I wrote an article talking about Brokeback. You can find it here http://www.relevantmagazine.com/pc_article.php?id=7101
Love to hear your thoughts.
Andrew, how sad that Relevant saw fit to put a ‘disclaimer’ at the start of your article. I thought Relevant was better than that.
Good article, though!
a useful parallel to consider might be those societies where marriage is a property/family/caste transaction. people are obliged by social structures to marry those they don’t love, and may spend the rest of their lives in furtive affairs with those they would have married given a free choice. breaking vows is wrong, but this is a different kind of adultery to the consumerist kind we know. one could wonder whether such marriages are truly marriages, in the ‘those whom god hath joined together’ sense.
i welcome any constructive conversation regarding a christian view of gay relationships. i struggle however with the contemporary belief that love over rides covenant and that there is justification in breaking a vow simply because of a strong feeling for another human being.

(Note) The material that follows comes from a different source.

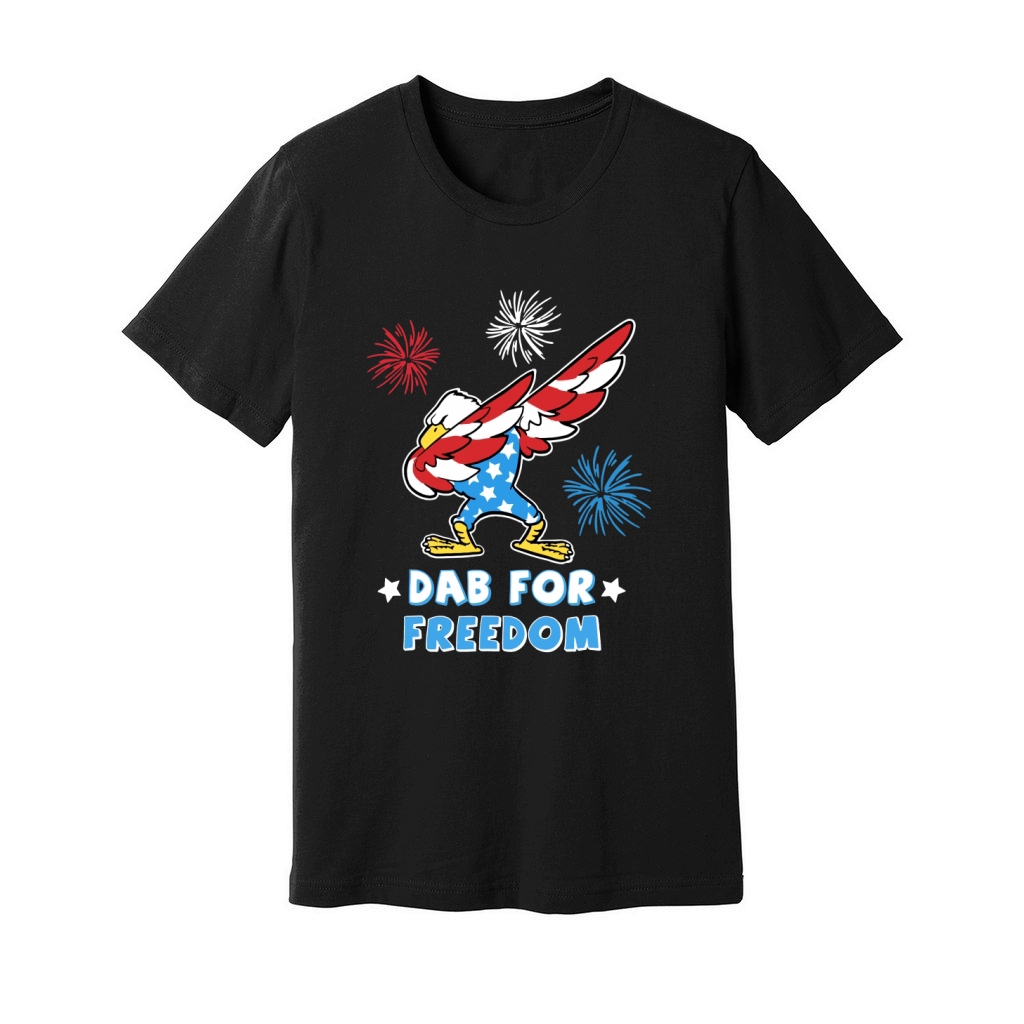 American Dab for freedom Unisex Jersey Tee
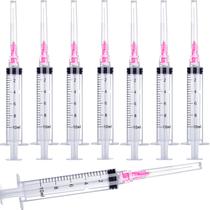 Seringa DM YOSLEB 10ml/cc de plástico Luer Lock 18Ga (pacote com 100)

I know that I am late to the party, but I am seeing something very interesting. For being a Christian site, there is not a lot of talk about God, and his views on man’s affairs. As believing Christians, our chief aim life, is to Glorify God and enjoy him forever. Bottom line: it’s not about us, our desires, our dreams, or our will; it’s about that of the Savior.
I must say that I whole-heartedly agree with many on this site that as Christians, we should not hate, oppress, or demean ANY person or group. That is truly out of bounds for Christians. But we ARE called to proclaim and uphold truth. Even if that truth is not what the mainstream wants to hear. Homosexuality is defined in the bible as sexual sin (as much as heterosexual Adultery or Premarital sex). Our reaction to that should be to love the sinner and hate the sin (he is a forgiving God). We don’t deny the temptation to homosexuality (much as we don’t deny the temptation to other sexual activity that is out of bounds), but admonish against the behavior, not the person.
If we take seriously, God’s most important two commandments (Love the Lord our God with all of our heart, soul and mind, & love our neighbor as ourselves), we may put aside our own selfish, carnal desires and live for the will of God. I hope that these truths are not lost as we applaud the talented film-making surrounding this “love story”.
thanks for the lecture… maybe i didn’t intend my blog to be a platform for preaching?!…
thanks for everyone’s comments. interestingly the most profound comment by far imho is from the visiting non christian marshall (thank you) whose three points sum it all up
1. thank goodness it is safer today in many places than it was in this movie to be gay.
2. it is horrible that non-heterosexual people still face the threat of being beaten to death for their sexuality.
3. thank goodness this movie was made. hopefully it will help change #2 above.